Region of the Western Palatinate, Germany

The Musikantenland ("Musician's Land") is an area of the northern West Palatinate in Germany, north of the Landstuhler Bruch in the area of the rivers Glan and Lauter. On the fringes of this region are the city of Kaiserslautern and the towns of Kusel, Rockenhausen and Meisenheim (only Kusel being counted as part of the Musikantenland). The region is located in the counties of Kusel and Kaiserslautern. This region is named after the Westphalian Wandering Musicians, who originated from here, especially from 1850 until the First World War.

== Usage ==
Today, the term "Musikantenland" is often used in this area for tourism purposes. For example the county of Kusel operates its tourist industry under the slogan "Palatine Uplands - Kusel Musikantenland". Regional dishes are described with the prefix "Musikantenland", there is for example a Musikantenland Roast and Musikantenland Bratwurst.

The Musikantenland Museum in Lichtenberg Castle near Kusel and the West Palatine Musikanten Museum in Mackenbach recall the history of West Palatinate's wandering musicians.

Since 1984, the county of Kusel has awarded the Lichtenburg Musikantenland Prize in recognition of special achievements for those cultivating and developing the West Palatinate musical tradition.
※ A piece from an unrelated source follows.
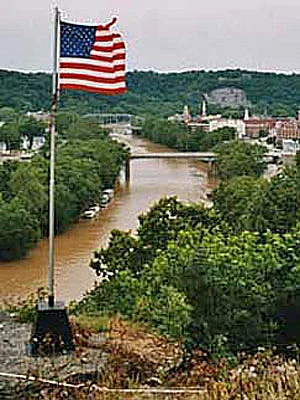 Kentucky River Frankfort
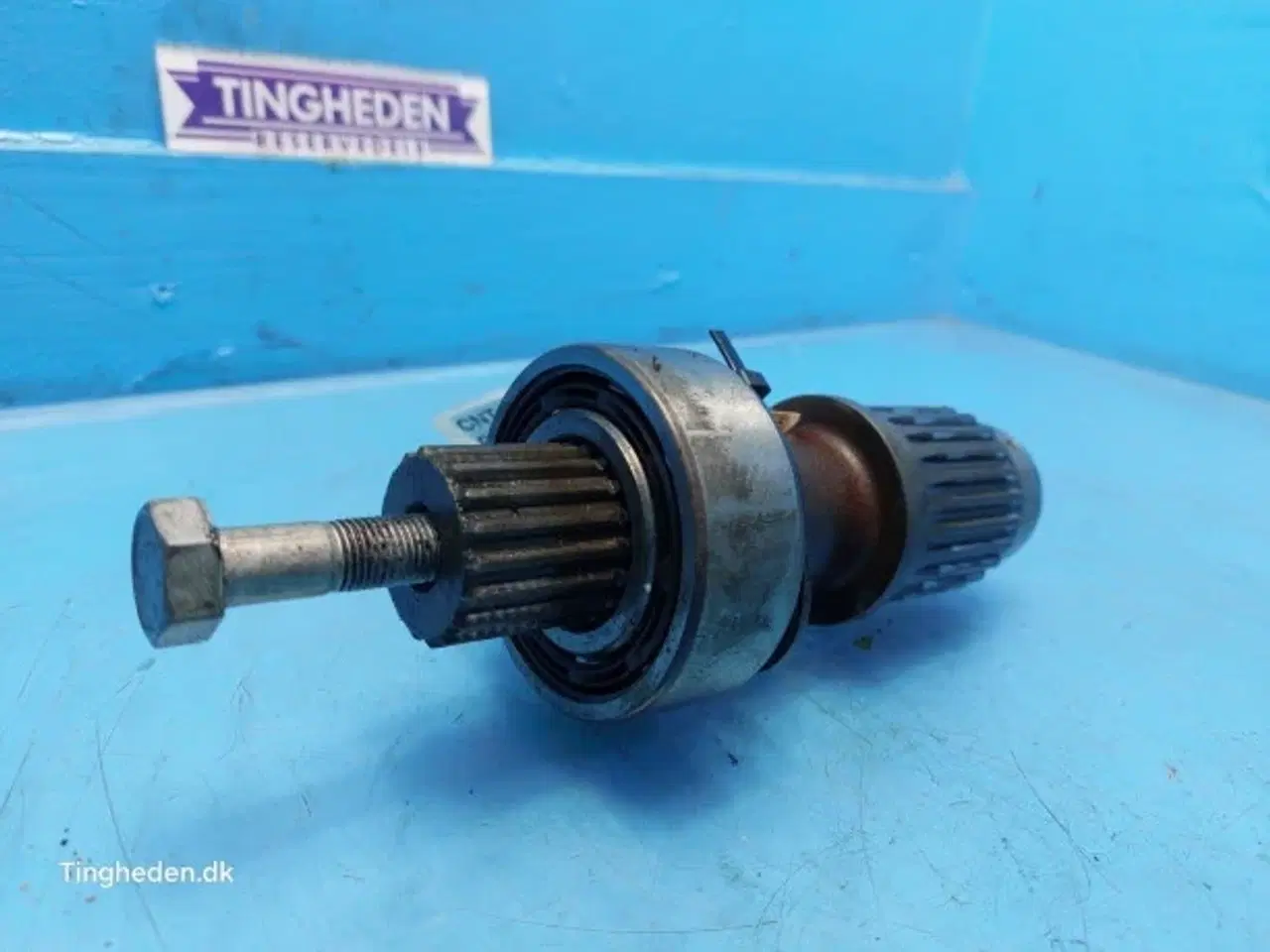 Billede 10 - Case Puma 185 Aksel 87535661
Elmar Wolf, also a Lichtenburg Prize winner, founded the publishing house EDITION Musikantenland, after leaving the EWOTON-Musikverlag music publishing company, as a token of his affection for the Kusel Musikantenland.

In 2003, the County school of Music, founded in 1948, was renamed the Kusel Music School Musikantenland.

Buildings such as the Musikantenland Hall, a multi-purpose hall in Jettenbach, also bear the name.